> [ACTIVITY]
Write out the data below in full. Keep it exact.

> [STUDY MATERIAL]
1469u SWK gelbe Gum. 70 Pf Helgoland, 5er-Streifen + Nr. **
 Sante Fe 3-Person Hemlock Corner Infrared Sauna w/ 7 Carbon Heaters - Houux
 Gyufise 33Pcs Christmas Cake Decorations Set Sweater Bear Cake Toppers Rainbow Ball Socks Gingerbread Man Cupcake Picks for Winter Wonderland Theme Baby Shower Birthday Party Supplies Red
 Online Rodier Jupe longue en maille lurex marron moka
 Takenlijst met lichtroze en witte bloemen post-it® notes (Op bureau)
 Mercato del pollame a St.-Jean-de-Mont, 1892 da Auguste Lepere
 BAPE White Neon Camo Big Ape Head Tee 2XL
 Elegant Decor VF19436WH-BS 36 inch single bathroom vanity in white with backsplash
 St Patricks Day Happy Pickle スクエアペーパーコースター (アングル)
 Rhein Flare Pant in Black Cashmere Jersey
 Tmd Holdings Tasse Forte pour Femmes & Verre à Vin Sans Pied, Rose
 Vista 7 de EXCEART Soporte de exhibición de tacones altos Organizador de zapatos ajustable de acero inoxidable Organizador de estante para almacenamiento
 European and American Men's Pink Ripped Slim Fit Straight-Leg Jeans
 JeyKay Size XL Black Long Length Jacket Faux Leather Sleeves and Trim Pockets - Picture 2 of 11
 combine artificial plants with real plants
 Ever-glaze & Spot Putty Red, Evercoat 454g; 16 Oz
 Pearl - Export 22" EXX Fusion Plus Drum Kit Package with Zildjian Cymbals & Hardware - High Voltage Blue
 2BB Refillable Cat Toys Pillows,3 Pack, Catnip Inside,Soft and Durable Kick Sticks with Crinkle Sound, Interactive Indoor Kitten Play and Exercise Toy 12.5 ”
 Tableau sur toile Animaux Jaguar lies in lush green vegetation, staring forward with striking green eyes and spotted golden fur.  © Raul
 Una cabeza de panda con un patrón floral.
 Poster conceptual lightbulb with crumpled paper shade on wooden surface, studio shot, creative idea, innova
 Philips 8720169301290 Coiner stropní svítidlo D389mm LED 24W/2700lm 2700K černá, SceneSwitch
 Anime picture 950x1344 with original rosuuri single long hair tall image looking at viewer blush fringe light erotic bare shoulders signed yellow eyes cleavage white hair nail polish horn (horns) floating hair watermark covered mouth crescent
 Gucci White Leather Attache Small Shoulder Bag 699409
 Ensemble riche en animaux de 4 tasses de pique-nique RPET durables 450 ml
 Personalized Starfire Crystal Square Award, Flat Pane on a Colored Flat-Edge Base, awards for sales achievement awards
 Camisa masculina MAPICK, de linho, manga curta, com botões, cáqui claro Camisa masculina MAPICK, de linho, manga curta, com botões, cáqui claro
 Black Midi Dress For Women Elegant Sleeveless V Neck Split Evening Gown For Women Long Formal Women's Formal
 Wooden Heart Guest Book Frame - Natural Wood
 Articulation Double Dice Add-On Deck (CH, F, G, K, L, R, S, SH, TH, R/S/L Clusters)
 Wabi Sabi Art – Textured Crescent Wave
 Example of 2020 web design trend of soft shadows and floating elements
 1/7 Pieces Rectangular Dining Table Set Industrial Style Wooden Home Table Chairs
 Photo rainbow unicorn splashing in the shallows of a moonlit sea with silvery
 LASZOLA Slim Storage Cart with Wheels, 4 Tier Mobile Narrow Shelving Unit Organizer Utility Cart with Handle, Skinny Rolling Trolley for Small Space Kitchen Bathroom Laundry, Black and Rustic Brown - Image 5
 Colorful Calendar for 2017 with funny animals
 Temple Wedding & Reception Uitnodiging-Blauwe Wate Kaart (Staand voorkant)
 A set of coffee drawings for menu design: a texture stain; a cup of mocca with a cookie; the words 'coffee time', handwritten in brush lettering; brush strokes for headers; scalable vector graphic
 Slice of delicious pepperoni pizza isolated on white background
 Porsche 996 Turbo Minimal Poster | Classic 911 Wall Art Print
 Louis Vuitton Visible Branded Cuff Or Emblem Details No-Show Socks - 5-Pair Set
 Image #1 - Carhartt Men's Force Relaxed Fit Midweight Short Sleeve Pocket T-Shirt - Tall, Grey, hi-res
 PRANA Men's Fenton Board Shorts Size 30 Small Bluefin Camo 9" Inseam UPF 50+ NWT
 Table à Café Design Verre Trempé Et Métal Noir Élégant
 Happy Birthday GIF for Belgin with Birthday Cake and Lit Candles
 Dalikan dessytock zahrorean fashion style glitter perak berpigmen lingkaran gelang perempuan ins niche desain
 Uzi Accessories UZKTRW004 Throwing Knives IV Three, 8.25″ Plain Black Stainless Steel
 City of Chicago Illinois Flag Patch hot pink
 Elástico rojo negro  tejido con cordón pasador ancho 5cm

> [EXERCISE RESPONSE]
1469u SWK gelbe Gum. 70 Pf Helgoland, 5er-Streifen + Nr. **
 Sante Fe 3-Person Hemlock Corner Infrared Sauna w/ 7 Carbon Heaters - Houux
 Gyufise 33Pcs Christmas Cake Decorations Set Sweater Bear Cake Toppers Rainbow Ball Socks Gingerbread Man Cupcake Picks for Winter Wonderland Theme Baby Shower Birthday Party Supplies Red
 Online Rodier Jupe longue en maille lurex marron moka
 Takenlijst met lichtroze en witte bloemen post-it® notes (Op bureau)
 Mercato del pollame a St.-Jean-de-Mont, 1892 da Auguste Lepere
 BAPE White Neon Camo Big Ape Head Tee 2XL
 Elegant Decor VF19436WH-BS 36 inch single bathroom vanity in white with backsplash
 St Patricks Day Happy Pickle スクエアペーパーコースター (アングル)
 Rhein Flare Pant in Black Cashmere Jersey
 Tmd Holdings Tasse Forte pour Femmes & Verre à Vin Sans Pied, Rose
 Vista 7 de EXCEART Soporte de exhibición de tacones altos Organizador de zapatos ajustable de acero inoxidable Organizador de estante para almacenamiento
 European and American Men's Pink Ripped Slim Fit Straight-Leg Jeans
 JeyKay Size XL Black Long Length Jacket Faux Leather Sleeves and Trim Pockets - Picture 2 of 11
 combine artificial plants with real plants
 Ever-glaze & Spot Putty Red, Evercoat 454g; 16 Oz
 Pearl - Export 22" EXX Fusion Plus Drum Kit Package with Zildjian Cymbals & Hardware - High Voltage Blue
 2BB Refillable Cat Toys Pillows,3 Pack, Catnip Inside,Soft and Durable Kick Sticks with Crinkle Sound, Interactive Indoor Kitten Play and Exercise Toy 12.5 ”
 Tableau sur toile Animaux Jaguar lies in lush green vegetation, staring forward with striking green eyes and spotted golden fur.  © Raul
 Una cabeza de panda con un patrón floral.
 Poster conceptual lightbulb with crumpled paper shade on wooden surface, studio shot, creative idea, innova
 Philips 8720169301290 Coiner stropní svítidlo D389mm LED 24W/2700lm 2700K černá, SceneSwitch
 Anime picture 950x1344 with original rosuuri single long hair tall image looking at viewer blush fringe light erotic bare shoulders signed yellow eyes cleavage white hair nail polish horn (horns) floating hair watermark covered mouth crescent
 Gucci White Leather Attache Small Shoulder Bag 699409
 Ensemble riche en animaux de 4 tasses de pique-nique RPET durables 450 ml
 Personalized Starfire Crystal Square Award, Flat Pane on a Colored Flat-Edge Base, awards for sales achievement awards
 Camisa masculina MAPICK, de linho, manga curta, com botões, cáqui claro Camisa masculina MAPICK, de linho, manga curta, com botões, cáqui claro
 Black Midi Dress For Women Elegant Sleeveless V Neck Split Evening Gown For Women Long Formal Women's Formal
 Wooden Heart Guest Book Frame - Natural Wood
 Articulation Double Dice Add-On Deck (CH, F, G, K, L, R, S, SH, TH, R/S/L Clusters)
 Wabi Sabi Art – Textured Crescent Wave
 Example of 2020 web design trend of soft shadows and floating elements
 1/7 Pieces Rectangular Dining Table Set Industrial Style Wooden Home Table Chairs
 Photo rainbow unicorn splashing in the shallows of a moonlit sea with silvery
 LASZOLA Slim Storage Cart with Wheels, 4 Tier Mobile Narrow Shelving Unit Organizer Utility Cart with Handle, Skinny Rolling Trolley for Small Space Kitchen Bathroom Laundry, Black and Rustic Brown - Image 5
 Colorful Calendar for 2017 with funny animals
 Temple Wedding & Reception Uitnodiging-Blauwe Wate Kaart (Staand voorkant)
 A set of coffee drawings for menu design: a texture stain; a cup of mocca with a cookie; the words 'coffee time', handwritten in brush lettering; brush strokes for headers; scalable vector graphic
 Slice of delicious pepperoni pizza isolated on white background
 Porsche 996 Turbo Minimal Poster | Classic 911 Wall Art Print
 Louis Vuitton Visible Branded Cuff Or Emblem Details No-Show Socks - 5-Pair Set
 Image #1 - Carhartt Men's Force Relaxed Fit Midweight Short Sleeve Pocket T-Shirt - Tall, Grey, hi-res
 PRANA Men's Fenton Board Shorts Size 30 Small Bluefin Camo 9" Inseam UPF 50+ NWT
 Table à Café Design Verre Trempé Et Métal Noir Élégant
 Happy Birthday GIF for Belgin with Birthday Cake and Lit Candles
 Dalikan dessytock zahrorean fashion style glitter perak berpigmen lingkaran gelang perempuan ins niche desain
 Uzi Accessories UZKTRW004 Throwing Knives IV Three, 8.25″ Plain Black Stainless Steel
 City of Chicago Illinois Flag Patch hot pink
 Elástico rojo negro  tejido con cordón pasador ancho 5cm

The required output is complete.